On détruit les temples de pierre pour construire des églises, on alphabétise et on catéchise ceux qu'on ne massacre pas ou qui ne meurent pas de la grippe et de la variole, et on rebaptise les lieux.
Le lac Titicaca, par sa puissance symbolique, est évidemment visé.
Sur sa berge sud, une petite bourgade a été fondée par les Incas pour accueillir les pèlerins qui accourent en nombre pour se rendre sur l'île du soleil, à quelques encablures de là.
Sur l'étymologie du lieu, les sources divergent, nous ne retiendrons que les deux hypothèses les plus répandues (qui sont aussi les plus crédibles).
Pour les uns, le village se nommerait Kota Kahuana, ce qui en aymara signifie "vue sur le lac".
Pour les autres, la bourgade s'appellerait Kotakawana, du nom de la déesse de la fécondité, équivalente à l'Aphrodite grecque ou à la Vénus romaine.
Cette divinité androgyne représentée avec un corps humain et une queue de poisson vivrait dans les eaux du lac Titicaca, accompagnée d'une cohorte de sirènes, les Umaantus.
Kota Kahuana, Kotakawana ... le nom est latinisé, la bourgade se nommera désormais Copacabana.
L'évangélisation des autochtones va bon train. Sous l'impulsion des Dominicains, en charge de la paroisse, le culte de la Vierge se popularise.
A la fin du XVIe siècle, la médiocrité des récoltes amène une partie de la population à solliciter l'intercession de la Vierge, et c'est un pêcheur, Francisco Tito Yupanki, qui sculpte une vierge noire aux traits indigènes qui prend place dans l'église locale.
Rapidement, on lui attribue une série de miracles, et sa réputation se répand à travers tout le continent.
Copacabana reste un lieu de pèlerinage, mais on y vient désormais pour vénérer cette vierge miraculeuse *.
De la Bolivie au Brésil
A près de 3.000 kilomètres de là, les Portugais consolident leur emprise sur le Brésil. Dès le mois de janvier 1502, ils ont découvert la baie de Guanabara qu'ils confondent avec l'embouchure d'un fleuve. Tout naturellement, ils nomment l'endroit Rio de Janeiro, "fleuve de janvier".
La ville se développe autour du port, abrité dans la baie. A un jet de pierre, l'océan Atlantique baigne une succession de longues plages de sable blanc.
Elles ont été baptisées par les Indiens Tupinambas, qui occupaient la région à l'arrivée des Européens.
Il y a Ipanema, "lac malodorant", du fait de la présence de marécages à proximité de la plage.

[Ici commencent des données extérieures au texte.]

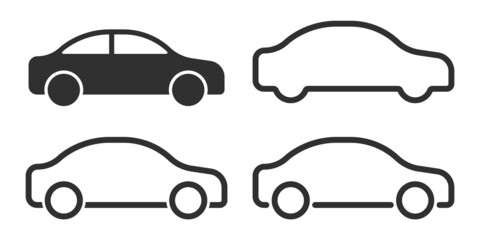 Car icon set in linear style. Transport symbol. Vector illustration. - obrazy, fototapety, plakaty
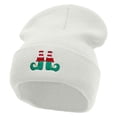 thumbnail image 1 of Elf Shoes Embroidered 12 Inch Long Knitted Beanie - White OSFM, 1 of 5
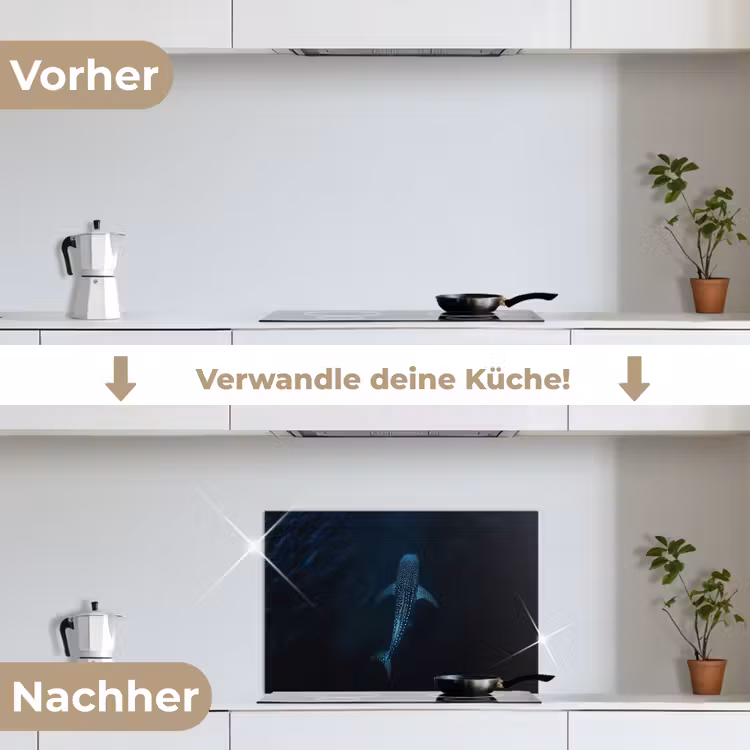 Oceaan - Walvishaai - Donkerblauw - Vlekken keuken achterwand spatscherm klein -voor_na_DE
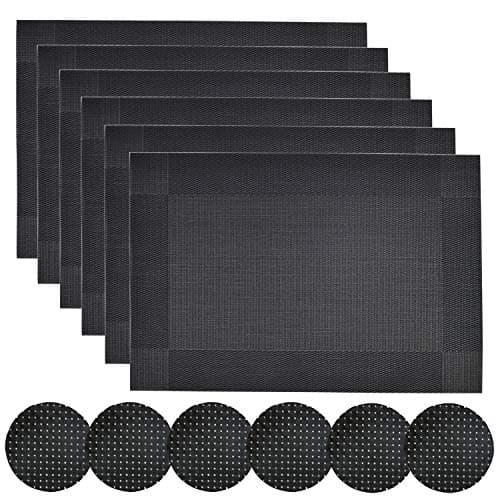 Image of Homcomodar Black Placemats and Coasters Set of 6 Dining Table Place Mats Set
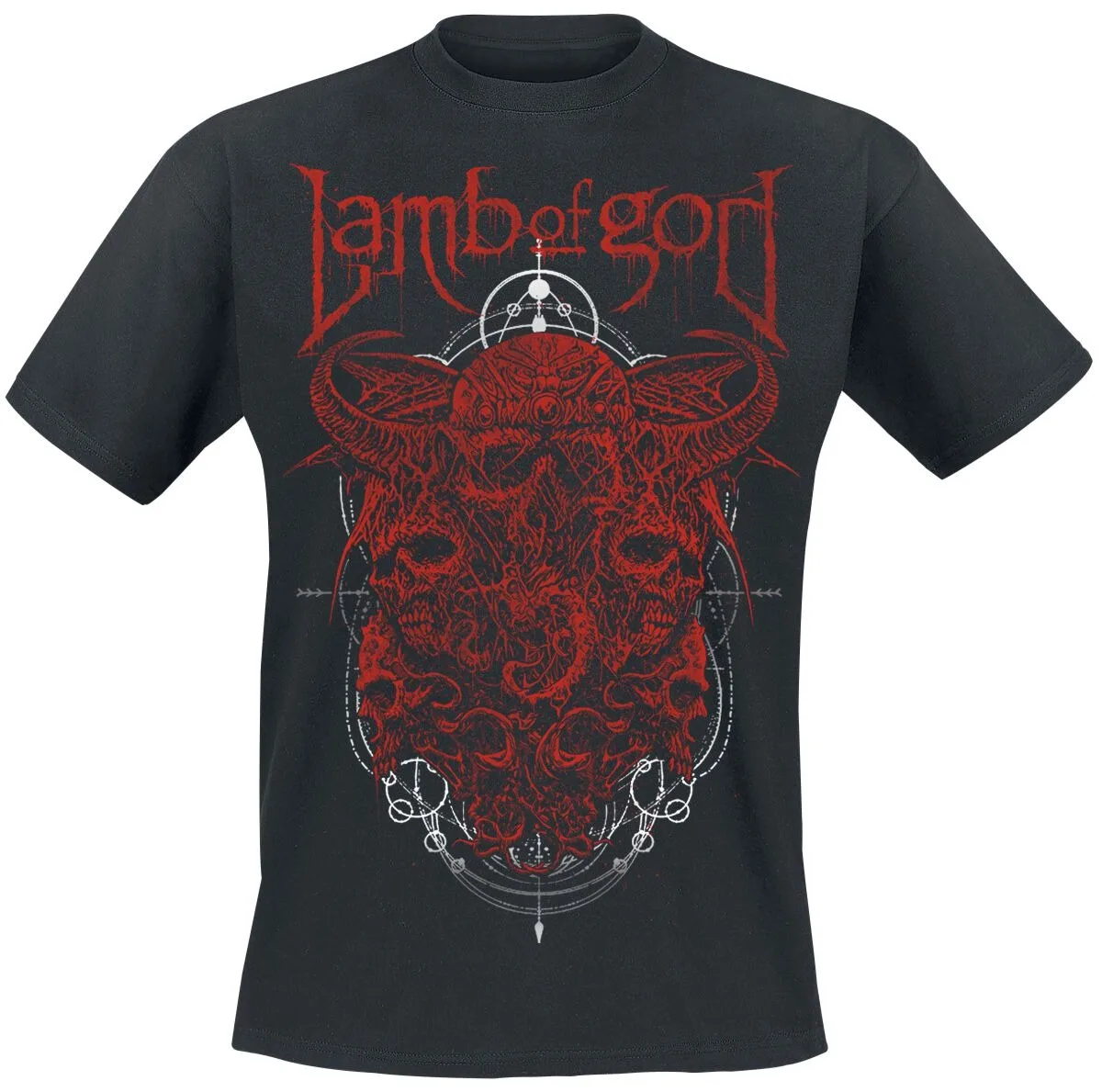 Lamb of God Gothic Raven Skeleton Print Black Cotton T-shirt Men Women Metal Unisex Tee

Un peu plus loin, Sacopenapã, "chemin des socós" (une variété d'oiseaux).
C'est cette plage qui deviendra Copacabana. Comment ? Là aussi il existe plusieurs hypothèses.
La plus romanesque remonte à 1754. Alors qu'il est en perdition au large des côtes brésiliennes, un moine de Copacabana aurait fait la promesse, s'il survivait, de donner à l'endroit où il s'échouerait le nom de celui où il résidait.
Moins imagée, une autre version attribue le changement de nom à la construction sur cette plage d'une chapelle dédiée à la Vierge de Copacabana par des marchands d'or boliviens et péruviens. Avec le temps, on ne désigna plus la plage et son quartier que par ce nom.
On retrouve ailleurs le nom de Copacabana : c'est celui d'un village de Colombie, et d'une localité en Australie.
C'est aussi celui d'une célèbre boite de nuit de New York et d'un hôtel de La Havane qui présente une revue de danseuses, et qui inspirèrent à Barry Manilow une chanson qui eut un grand succès, plus tard reprise en Français par Line Renaud.
Rien à voir donc avec le Copacabana sud-américain, qui fut néanmoins aussi mis en musique, notamment par le groupe Maya Andina, sur un air de Morenada, l'un des styles folkloriques toujours très populaires en Bolivie.